What you are describing is a statistician and that's perfectly fine, but lumping them in with data scientists devalues the role for those of us doing more.

link

v64 3788 days ago

How would you differentiate the roles of statistician, data scientist, and data engineer? I've used and heard the titles "statistician" and "data scientist" used interchangeably, and the Wikipedia entry for data science [1] gives evidence to support that usage since the late 90s:

"In November 1997, C.F. Jeff Wu gave the inaugural lecture entitled "Statistics = Data Science?" for his appointment to the H. C. Carver Professorship at the University of Michigan. In this lecture, he characterized statistical work as a trilogy of data collection, data modeling and analysis, and decision making. In his conclusion, he initiated the modern, non-computer science, usage of the term "data science" and advocated that statistics be renamed data science and statisticians data scientists."

From the same article, a quote from Nate Silver:

"I think data-scientist is a sexed up term for a statistician....Statistics is a branch of science. Data scientist is slightly redundant in some way and people shouldn’t berate the term statistician."
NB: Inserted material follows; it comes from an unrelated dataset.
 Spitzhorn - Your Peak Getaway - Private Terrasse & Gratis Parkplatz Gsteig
If your skillset differs from a statistician, then calling yourself a data scientist is not going to be a differentiating title in common parlance.
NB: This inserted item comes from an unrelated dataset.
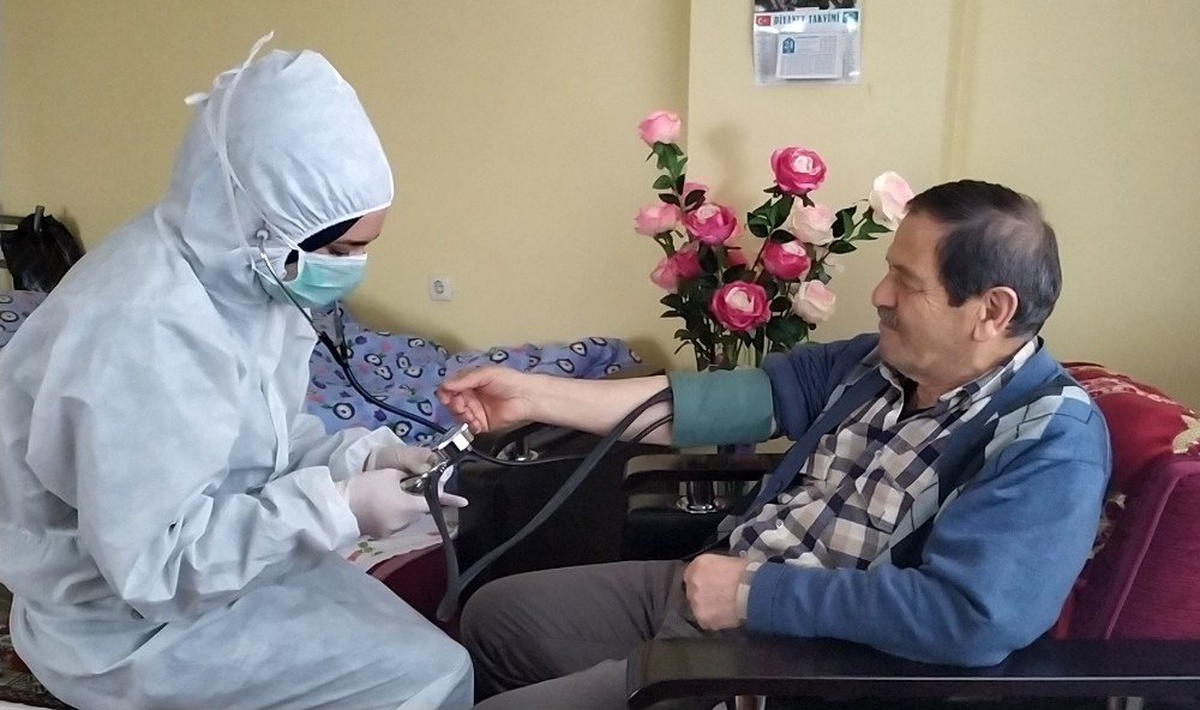 Kartepe\'de yaşlıların bakımları titizlikle yapılıyor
[1] https://en.wikipedia.org/wiki/Data_science#History

link

nmkridler 3788 days ago

I think the quote and definition from the blog is a good one: “better engineers than statisticians and better statisticians than engineers”. Perhaps that 1997 quote was influential in the decision to use the term Data Science, I think the current usage encompasses much more than statistics. When I started it required the ability to push production code, build statistical models, and communicate results effectively. Maybe I'm wrong and maybe the tools got better, but for a while, you couldn't provide value if you couldn't get to the data or create the data you needed.

link

hadley 3788 days ago

SOAP + Oauth is a weird combination but you could definitely work with it in R.

link

v64 3788 days ago

I just randomly picked two of the most painful protocols I could think of :) It doesn't surprise me though, I feel like I can't go a workday without hearing the phrase "Oh, actually, I can do that in R"

link

TheLogothete 3788 days ago

I disagree with you.

link